How can we make best use of the vast amounts of data on genomics, epidemiology and population-level health being collected by researchers? Maximizing the benefits depends on how well we as a scientific community share information.

The Human Genome Project set strong precedents for rapid pre-publication data sharing, and all biological research has benefited enormously from this approach. Most research-funding agencies, and most scientists, now agree that research data should be shared — provided that those who donate their data and samples are protected. This approach is strongly advocated by organizations such as the Global Alliance for Genomics and Health. But data sharing will work well only when it is streamlined, efficient and fair. How can more scientists be encouraged and helped to make their data available, without adding an undue administrative burden?

I chair an expert advisory group on data access that has examined this question. As part of our work, we surveyed current practices and questioned Nature readers. We saw plenty of good practice — in the UK social-sciences community, for example — but also significant inefficiencies. Both those who generate data and those who want to use them expressed frustration at the way that data-access processes are frequently opaque.

At present, mechanisms for data sharing are too often an afterthought. Access protocols are set up and managed differently from study to study, and this adds to the administrative burden for both producers and users. No one wins in this scenario, least of all those who donate their personal data.

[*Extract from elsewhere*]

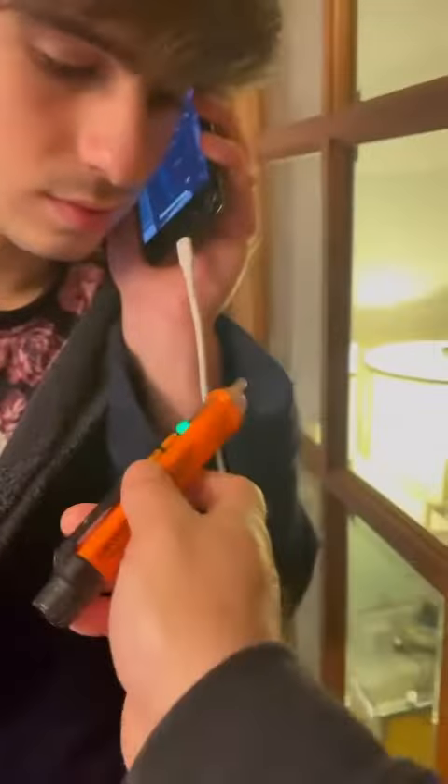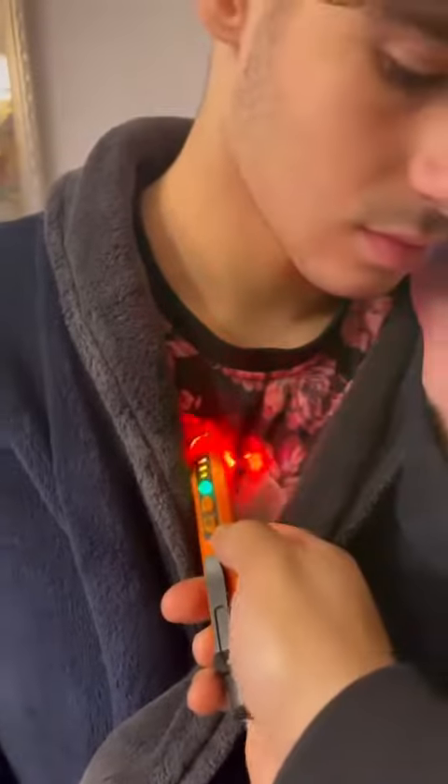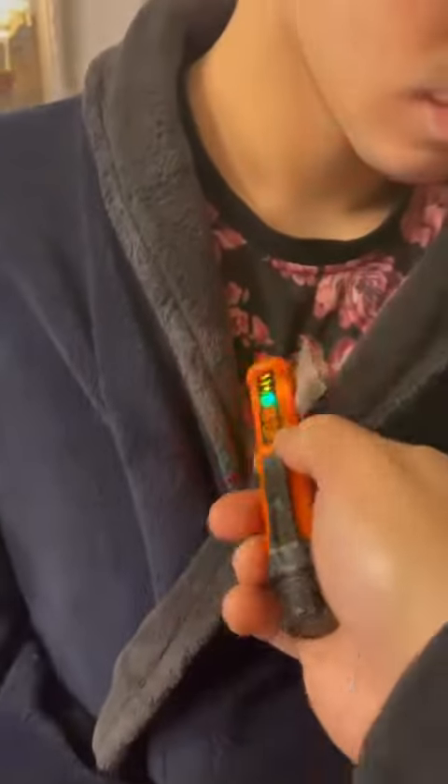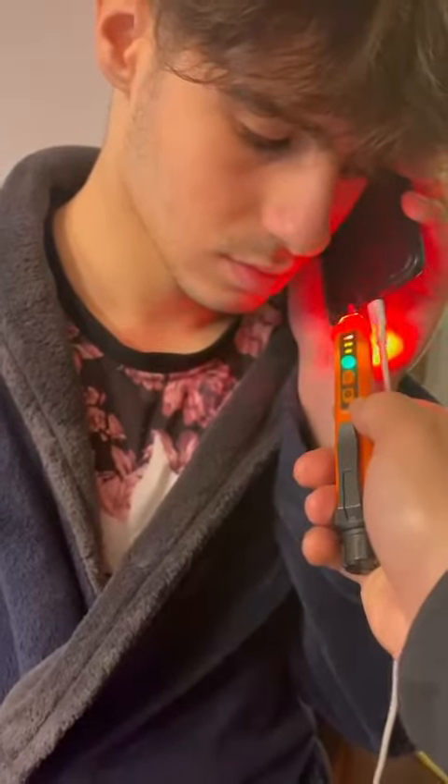Now, pretend you're talking. As you can see, it's going through the body — the whole thing is going through the body. That's why they say don't use the phone whilst it's being charged.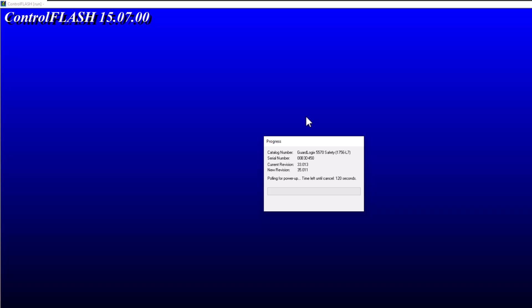Right now what we're waiting on is the power-up hold. It currently gave the firmware to the processor and now it's going to power back up. So it's going to wait 120 seconds and then it's going to go through its testing procedure — it's actually testing itself to make sure it's good. That countdown kind of goes up and down, so take it with a grain of salt. It's not necessarily going to be that actual number — it's waiting on the processor to do what the processor should do: test itself, come back online, and then be at the correct version.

Today, we publish our recommendations (see They are aimed at research funders, who are best placed to implement them. But we hope that all researchers will find them useful. A key recommendation is that data-access plans should be integral to the grant-application process. Researchers should set out what they regard as a reasonable process for governing and managing access, including estimates of the costs of making the data visible and available to other researchers. The review process should advise on this and the data-access plan should be an integral, auditable part of the funded grant.

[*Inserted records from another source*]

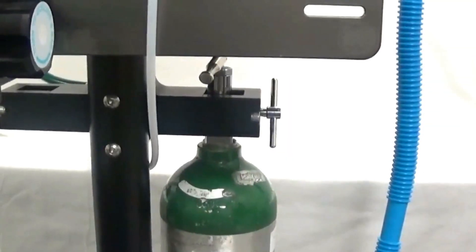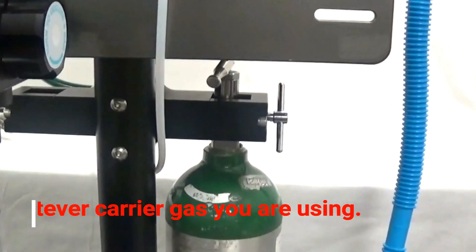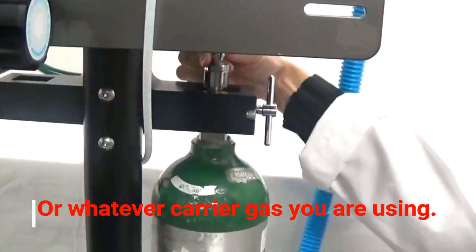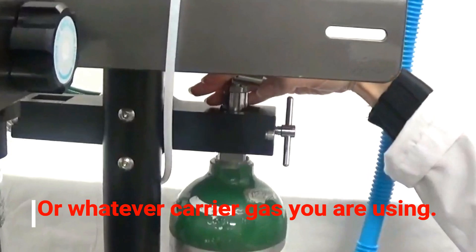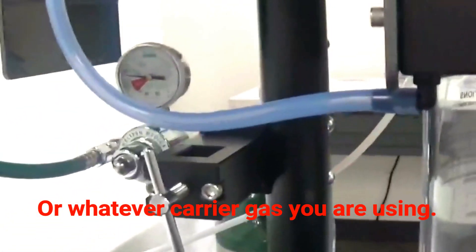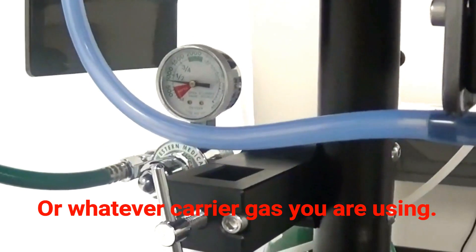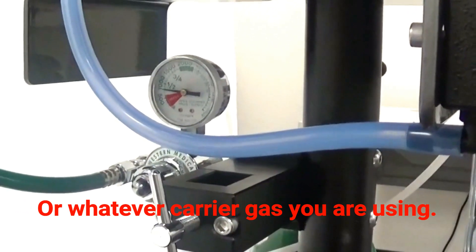It is now time to turn the oxygen source on to the anesthesia machine. Give it a couple of good turns so that there is plenty of oxygen flowing through the manifold. We are about just under half full, so always make sure there is enough oxygen to complete the verification of the vaporizer.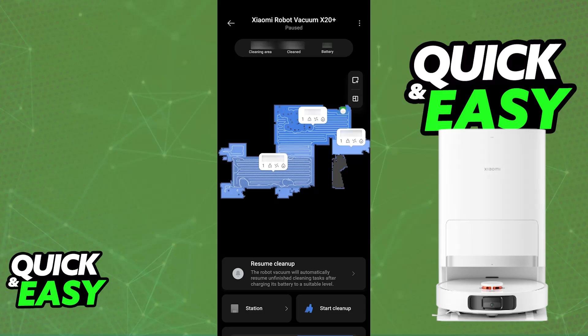Download the Xiaomi Home app, and inside the application you will be able to let it automatically return to the Omnistation, clean around the area, and so on. You can set up a schedule and do it however you prefer.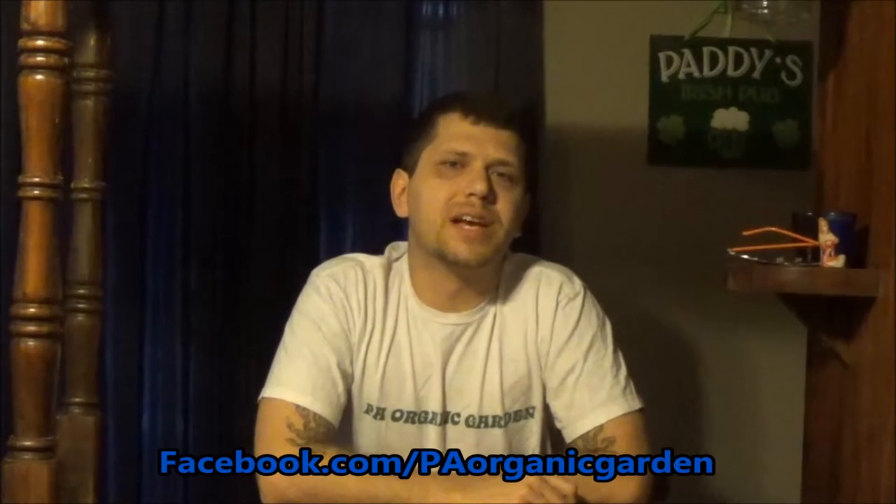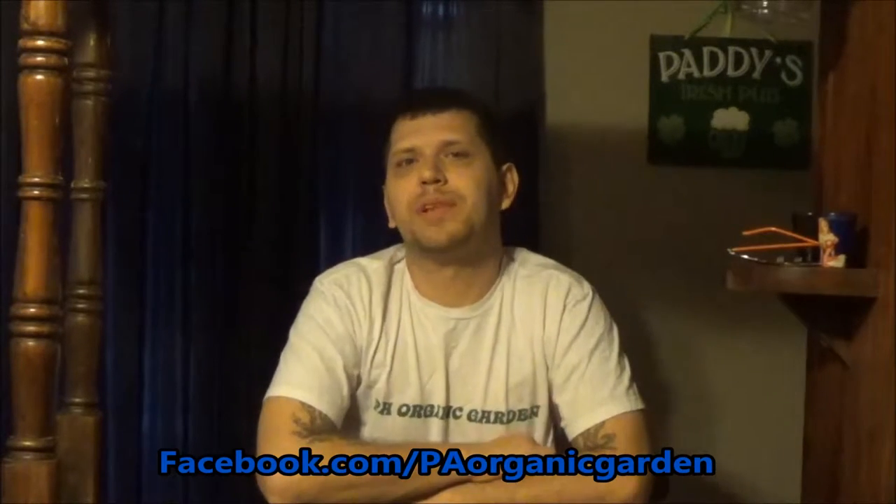Hey everyone, welcome back to PA Organic Garden. I'm Eddie. Today I'm going to be doing the first video in a series called 'What's Cooking in the Garden.' I'm going to post a video every Friday talking about a different plant that you can grow in your own garden, and then after you watch the video you can head over to my Facebook and check out a delicious healthy recipe that uses that plant.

Generally speaking, bigger studies will need more-substantial processes. Small experimental studies may reasonably do no more than make their data available on request, after the time to prepare for publication. Very large studies require a more formal data-access plan from their inception.

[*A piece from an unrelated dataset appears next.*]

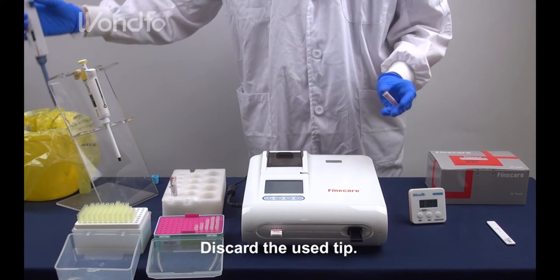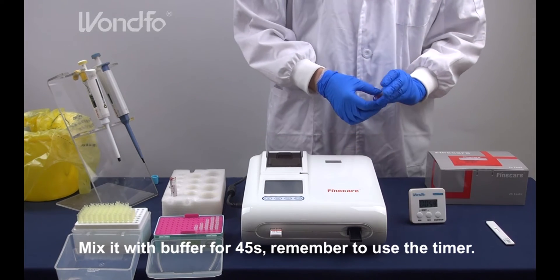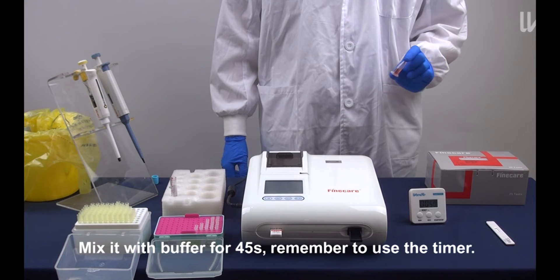Discard the used tip. Mix it with buffer for 45 seconds. Remember to use the timer.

Safeguarding participants’ identity should not require a complex or opaque system of data access.

Many epidemiological or genomic studies establish data-access committees (DACs) to manage data release. It makes little sense for each to do this in isolation, with individual processes and policies. The information required by DACs, and the undertakings they ask of potential data users, are usually similar across studies. Where possible, funders should encourage the streamlining and standardization of this process, while allowing for the fact that studies have their own characteristics. It would be helpful, where possible, to introduce common application forms and adjudication processes, and to allow new studies to make use of or consolidate with existing DACs. Access procedures should be made more transparent and straightforward by including an independent appeals process for settling disputes over access requests.

Protecting research participants is sometimes cited as a reason for withholding data. The risk that research participants could be re-identified from shared data must be carefully assessed, particularly when data sets are linked in novel ways. But safeguarding participants’ identity should not require a complex or opaque system of data access, as often seems to be the case.

It is easier to protect subjects if researchers build data access into their studies from the beginning. Participant consent forms, for example, should be designed with data sharing in mind — granting permission for de-identified personal information to be shared safely with researchers outside the study group.

It is reasonable for scientists to impose certain conditions or restrictions on the use of their hard-earned data sets, but these should be proportionate and kept to a minimum. Justifiable conditions can range from requiring secondary users to acknowledge the source of the data in publications, to stipulating a fair embargo time on the use of new data releases. Whatever the conditions imposed, they need to be presented clearly to data users.

Criteria used to judge academic careers still focus heavily on individual publication records and provide little incentive for wider data sharing. Scientists who let others use their data deserve reward too.

To build trust, any significant breaches of data- and material-transfer agreements should be treated seriously, with appropriate sanctions being imposed, such as prevention of future access to data sets, or forcing the withdrawal of a published paper.

Credit: Wellcome Library, London

Funders should expect that each data set they support will be made accessible unless there are particular, agreed reasons for it not to be. Science is increasingly a joint, international and collaborative enterprise. The emphasis now must be on encouraging scientists, with support and resources from funders, to voluntarily make their data more readily available to others.